Dataset
To implement the views described above, we needed lots of details about teams and players’ skills. At the moment of the creation of our system, we were no able to find a single open-source dataset that includes all the information that we need. For that reason, we decided to insert a preliminary step of data preprocessing in order to merge information coming from two different open-source datasets taken from Kaggle kaggle and FigShare figShare. A short description of the two datasets is shown above:
Soccer event dataset
Soccer match event dataset is composed by 8 files containing information about Coaches, Referees, Players, Teams, Competitions, Events, Matches and Players ranks. All these files are in described in a JSON format so that, for example, a single team is described as:
{ "city": "Milano",
"name": "Milan",
"wyId": 3157,
"officialName": "AC Milan",
"area": {
"name": "Italy",
"id": "380",
"alpha3code": "ITA",
"alpha2code": "IT"
},
"type": "club"
}
We decided to don’t use Coaches, Events and Referees files that contain information that is not useful for our purpose. Let’s see the content of the other files, describing their most important fields:
- Players contains information about each player: personal information, identifier of the current club, role and the unique identifier;
- Teams contains information about each team: name of the city, name of the team, the geographic area that belongs to, the type (club/national) and the unique identifier;
- Matches contains information about each match of the year: the identifier of the competition, the week of the league that belongs to, the unique identifier, the winner and other detailed information;
- Competitions contains information the leagues: the geographic area associated with the league, the name, the type (for club/international) and the unique identifier;
- PlayeRanks contains information about the performance of a single player in a match: identifier of the match, the identifier of the player, the number of minutes played, the role in the match, the number of goals scored and the score obtained by the player in the match.

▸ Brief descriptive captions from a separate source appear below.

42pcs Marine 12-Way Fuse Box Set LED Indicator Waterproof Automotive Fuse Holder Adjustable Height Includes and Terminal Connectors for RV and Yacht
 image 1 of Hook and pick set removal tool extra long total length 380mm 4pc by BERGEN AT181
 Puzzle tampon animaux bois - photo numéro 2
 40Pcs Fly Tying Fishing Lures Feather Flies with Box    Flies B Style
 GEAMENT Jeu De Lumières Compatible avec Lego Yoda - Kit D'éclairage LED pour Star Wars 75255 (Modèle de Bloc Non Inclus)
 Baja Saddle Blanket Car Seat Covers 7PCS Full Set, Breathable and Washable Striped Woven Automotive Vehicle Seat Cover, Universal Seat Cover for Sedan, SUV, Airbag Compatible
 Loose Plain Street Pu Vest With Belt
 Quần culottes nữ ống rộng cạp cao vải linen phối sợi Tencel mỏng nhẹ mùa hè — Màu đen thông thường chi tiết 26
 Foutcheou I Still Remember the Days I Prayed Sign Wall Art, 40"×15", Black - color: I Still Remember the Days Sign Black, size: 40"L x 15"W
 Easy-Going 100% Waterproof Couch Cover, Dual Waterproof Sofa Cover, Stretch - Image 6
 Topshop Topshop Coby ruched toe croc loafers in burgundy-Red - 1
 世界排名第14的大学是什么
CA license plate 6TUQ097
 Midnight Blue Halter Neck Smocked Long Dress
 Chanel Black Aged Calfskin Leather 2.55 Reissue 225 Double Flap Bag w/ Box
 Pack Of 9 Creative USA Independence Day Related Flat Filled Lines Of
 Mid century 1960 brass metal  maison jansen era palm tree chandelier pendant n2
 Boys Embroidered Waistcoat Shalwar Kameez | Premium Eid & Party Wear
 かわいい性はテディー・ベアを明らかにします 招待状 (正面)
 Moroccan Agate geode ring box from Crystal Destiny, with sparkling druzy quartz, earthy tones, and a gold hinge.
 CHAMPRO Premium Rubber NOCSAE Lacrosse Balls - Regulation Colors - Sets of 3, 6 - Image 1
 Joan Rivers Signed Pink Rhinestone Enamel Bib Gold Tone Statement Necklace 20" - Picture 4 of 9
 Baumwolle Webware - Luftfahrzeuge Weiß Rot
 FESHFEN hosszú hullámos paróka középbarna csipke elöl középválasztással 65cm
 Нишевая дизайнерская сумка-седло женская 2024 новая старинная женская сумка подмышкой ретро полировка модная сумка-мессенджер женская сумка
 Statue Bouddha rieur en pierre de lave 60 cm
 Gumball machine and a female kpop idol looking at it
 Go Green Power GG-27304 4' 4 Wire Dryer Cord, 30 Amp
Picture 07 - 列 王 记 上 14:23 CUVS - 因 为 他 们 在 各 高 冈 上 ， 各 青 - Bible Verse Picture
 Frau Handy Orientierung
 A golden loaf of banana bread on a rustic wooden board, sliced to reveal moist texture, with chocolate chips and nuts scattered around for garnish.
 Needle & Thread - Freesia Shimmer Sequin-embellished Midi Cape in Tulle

FIFA 19 complete player dataset
FIFA 19 complete player dataset is composed by one single file in CSV format with 18206 players and 88 attributes per player. Each row of the file represent a single player described by name, ID, age, link of the photo (if available), nationality, market value, club, preferred foot, other information and 60 attributes strictly related to player’s football skills (ex: Crossing, Finishing, Passing ecc.)